Nepal rolled out the red carpet on Saturday for China’s President Xi Jinping but rounded up Tibetans to prevent protests during the first state visit by a Chinese leader in 23 years.
Xi landed following two days of talks in neighboring India, and is expected to use his time in Kathmandu to push Beijing’s controversial Belt and Road infrastructure projects.
Although India has traditionally been Nepal’s main ally, China has intensified its presence in the impoverished Himalayan nation, pumping millions of dollars into projects ranging from roads to hydropower plants.
President Bidhya Devi Bhandari received him at Kathmandu airport to the sounds of the two countries’ national anthems, played by an army band.

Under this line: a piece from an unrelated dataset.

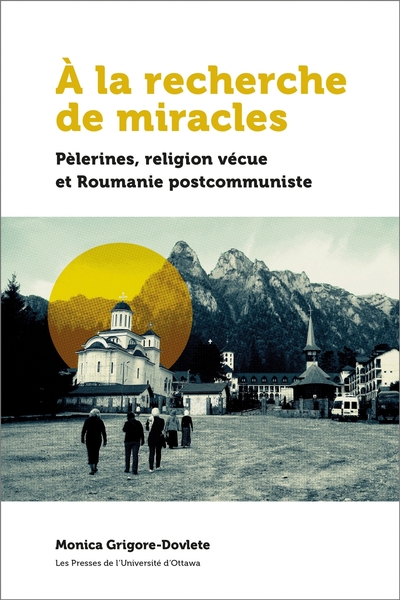 À la recherche de miracles - Pèlerines, réligion vécue et la Roumanie postcommuniste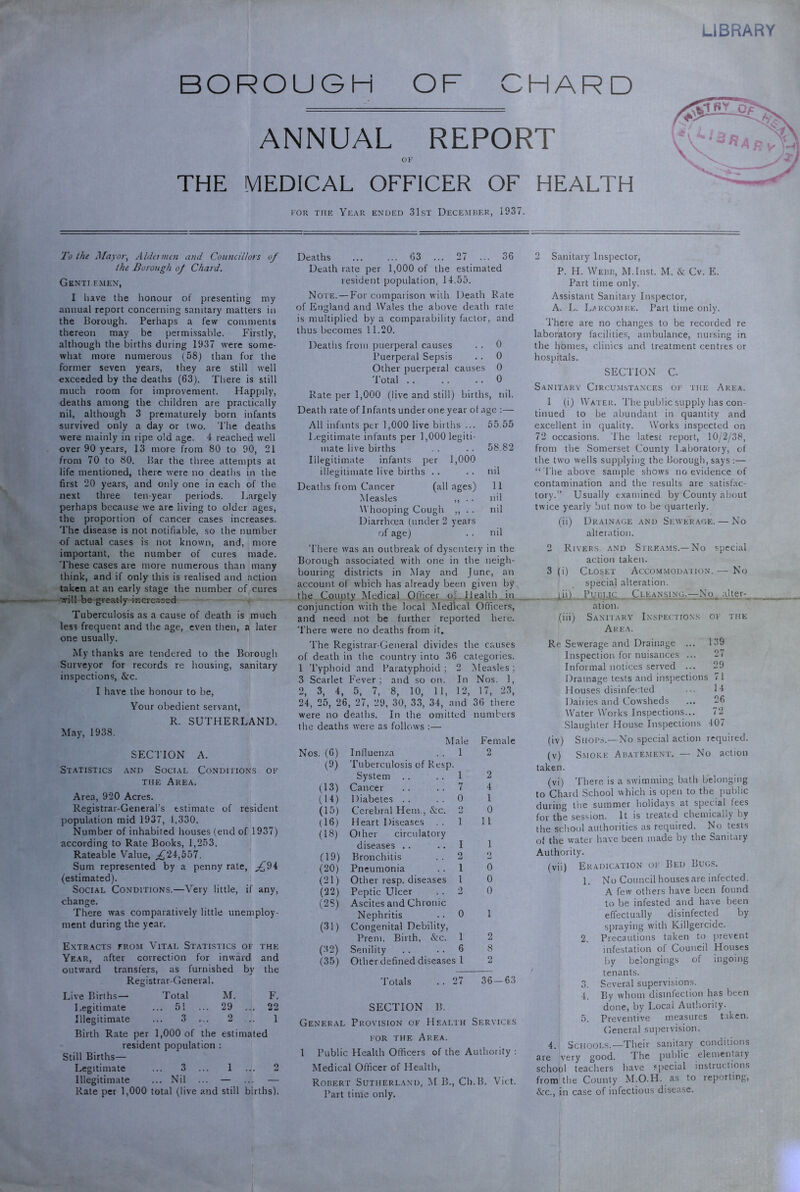 LIBRARY BOROUGH OF CHARD ANNUAL REPORT OK THE MEDICAL OFFICER OF HEALTH KOK THE Year ended 31st December, 1937. To the J/ayor, Aldcimcn and Coimcillors of the Borough oj Chard. Genti.f.men, I have the honour of presenting my annual report concerning sanitary matters in the Borough. Perhaps a few comments thereon may be permissable. Firstly, although the births during 1937 were some- what more numerous (58) than for the former seven years, they are still well exceeded by the deaths (63). Tiiere is still much room for improvement. Happily, deaths among the children are practically nil, although 3 prematurely born infants survived only a day or two. The deaths were mainly in ripe old age. 4 reached well over 90 years, 13 more from 80 to 90, 21 from 70 to 80. Bar the three attempts at life mentioned, there were no deaths in the first 20 years, and only one in each of the next three ten-year periods. Largely perhaps because we are living to older ages, the proportion of cancer cases increases. The disease is not notifiable, so the number of actual cases is not known, and, more important, the number of cures made. These cases are more numerous than many think, and if only this is realised and action taken at an early stage the number of cures will be greatly increased. Tuberculosis as a cause of death is much less frequent and the age, even then, a later- one usually. My thanks are tendered to the Borough Surveyor for records re housing, sanitary inspections, &c. 1 have the honour to be. Your obedient servant, R. SUTHERLAND. May, 1938, SEC'ITON A. St.atistics and Social Conditions of THE Area. Area, 920 Acres. Registrar-General’s estimate of resident population mid 1937, 1,330. Number of inhabited houses (end of 1937) according to Rate Books, 1,253. Rateable Value, ;^24,55T Sum represented by a penny rate, ;^94 (estimated). Social Conditions.—Very little, if any, change. There was comparatively little unemploy- ment during the year. Extracts from Vital Statistics of the Year, after correction for inward and outward transfers, as furnished by the Registrar-General. Live Births— Total M. F. Legitimate ... 51 ... 29 ... 22 Illegitimate ... 3 ... 2 .. 1 Birth Rate per 1,000 of the estimated resident population : Still Births— Legitimate ... 3 ... 1 ... 2 Illegitimate ... Nil ... — ... — Rate per 1,000 total (live and still births). Deaths ... ... 63 ... 27 ... 36 Death rate per 1,000 of the estimated resident population, 14.55. Note. — For comparison with Death Rate of England and Wales the above death rate is multiplied by a comparability factor, and thus becomes 11.20. Deaths from puerperal causes . 0 Puerperal Sepsis . 0 Other puerperal causes 0 Total . . . 0 Rate per 1,000 (live and still) births, nil. Death rate of Infants under one year of age All infants per 1,000 live births ... 55.55 Legitimate infants per 1,000 legiti- mate live births 58.82 Illegitimate infants per 1,000 illegitimate live births . . nil Deaths fiom Cancer (all ages) 11 Measles ,, . . nil Whooping Cough ,, . . nil Diarrhoea (under 2 years of age) . . nil There was an outbreak of dysentery in the Borough associated with one in the neigh- bouring districts in May and June, an account of which has already been given by the C_ounty Medical Officer oLHeaUh_in conjunction with the local Medical Officers, and need not be further reported here. There were no deaths from it. The Registrar-General divides the causes of death in the country into 36 categories. 1 Typhoid and Paratyphoid ; 2 Measles; 3 Scarlet Fever; and so on. In Nos. 1, 2, 3, 4, 5, 7, 8, 10, 11, 12, 17, 23, 24, 25, 26, 27, 29, 30, 33, 34, and 36 there were no deaths. In the omitted numbers the deaths were as follows :— Male Female Nos. (6) (9) Influenza Tuberculosis of Resp. 1 2 System . . 1 2 (13) Cancer 7 4 (14) Diabetes .. 0 1 (15) Cerebral Hem., &c. 2 0 (16) Heart Diseases 1 11 (18) Other circulatory diseases . . I 1 (19) Bronchitis 2 2 (20) Pneumonia 1 0 (21) Other resp. diseases 1 0 (22) (2S) Peptic Ulcer Ascites and Chronic 2 0 Nephritis Congenital Debility, 0 1 (31) Prem. Birth, &:c. 1 2 (32) Senility 6 8 (35) Other defined diseases 1 2 Totals . . 1 !7 36 SECTION B. General Provision of Hf.alth Services FOR THE Area. 1 Public Health Officers of the Authority ; Medical Officer of Health, Robert Sutherland, M B., Ch.B. Viet. Part time only. 2 Sanitary Inspector, P. H. Webb, M.Inst. M. & Cv. E. Part time only. Assistant Sanitary Inspector, A. L. La ROOM BE. Part time only. There are no changes to be recorded re laboratory facilities, ambulance, nursing in the homes, clinics and treatment centres or hospitals. SECTION C. Sanitary Circum.stances of the Area. 1 (i) Water. The public supply has con- tinued to be abundant in quantity and excellent in rjuality. Works inspected on 72 occasions. The latest report, 10/2/38, from the Somerset County Laboratory, of the two wells supplying the Borough, says :— “ Tlie above sample shows no evidence of contamination and the results are satisfac- tory.” Usually examined by County about twice yearly but now to be quarterly. (ii) Drainage and Sewerage. — No alteration. 2 Rivers and Strka.ms.—No special action taken. 3 (i) Closet Accommodaiion.— No special alteration. lii) Public Cleansing.—No, alter- ation. (iii) Sanitary Inspectiox.s OF 1 Area. Re Sewerage and Drainage ... 139 Inspection for nuisances ... 27 Informal notices served ... 29 Drainage tests and inspections 71 Houses disinfected 14 Dail ies and Cowsheds 26 Water Works Inspections... 72 Slaughter House Inspections 407 (iv) Siior.s.—No special action rcquii (v) Smoke Abatement. — No action taken. (vi) There is a swimming bath belonging to Chard School which is open to the public during the summer holidays at special fees for the ses.sion. It is treated chemically by the school authorities as required. No tests of the water have been made by the Sanitary Authority. (vii) Eradication of Bed Bugs. 1. No Council houses are infected. A few others have been found to be infested and have been effectually disinfected by spraying with Killgercide. 2. Precautions taken to prevent infestation of Council Houses by belongings of ingoing tenants. 3. Several supervisions. 4. By whom disinfection has been done, by Local Authority. 5. Preventive measures taken. General supervi.sion. 4. Schools.—Their sanitary conditions are very good. The pulilic elemental y school teachers have special instructions from the County M.O.H. as to reporting, &:c., in case of infectious disease.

China’s official Xinhua news agency early Sunday reported that, after arriving, Xi said he expected “to upgrade China-Nepal relations, enhance connectivity between the two countries and deliver more benefits” to their peoples.
In a signed article published in Nepali newspapers on Friday, Xi said he would use the two-day visit to “renew friendship and explore cooperation with my Nepali friends”.
“It is important that we adopt a strategic and long-term perspective and draw up a blueprint for our bilateral relationship to take it to a new height in this new era,” Xi added.
The International Campaign for Tibet (ICT), a Washington-based pressure group, said at least 18 people were arrested in the days ahead of Xi’s arrival. These included two Nepali shopkeepers selling bags with Tibetan flags or slogans. Fourteen remained in detention on Saturday.
In 1959, Beijing sent soldiers to crush a revolt in Tibet against Chinese rule, leaving the Dalai Lama, Tibet’s spiritual leader, fleeing to India where he remains.
Nepal is home to around 20,000 exiled Tibetans, but under pressure from Beijing the communist government has taken an increasingly hardline stance on their activities.
“There is heavy police presence. It is an intimidating situation. We’ve been asked to stay in,” one Tibetan told AFP, speaking on condition of anonymity.
Nepalese authorities declined to comment.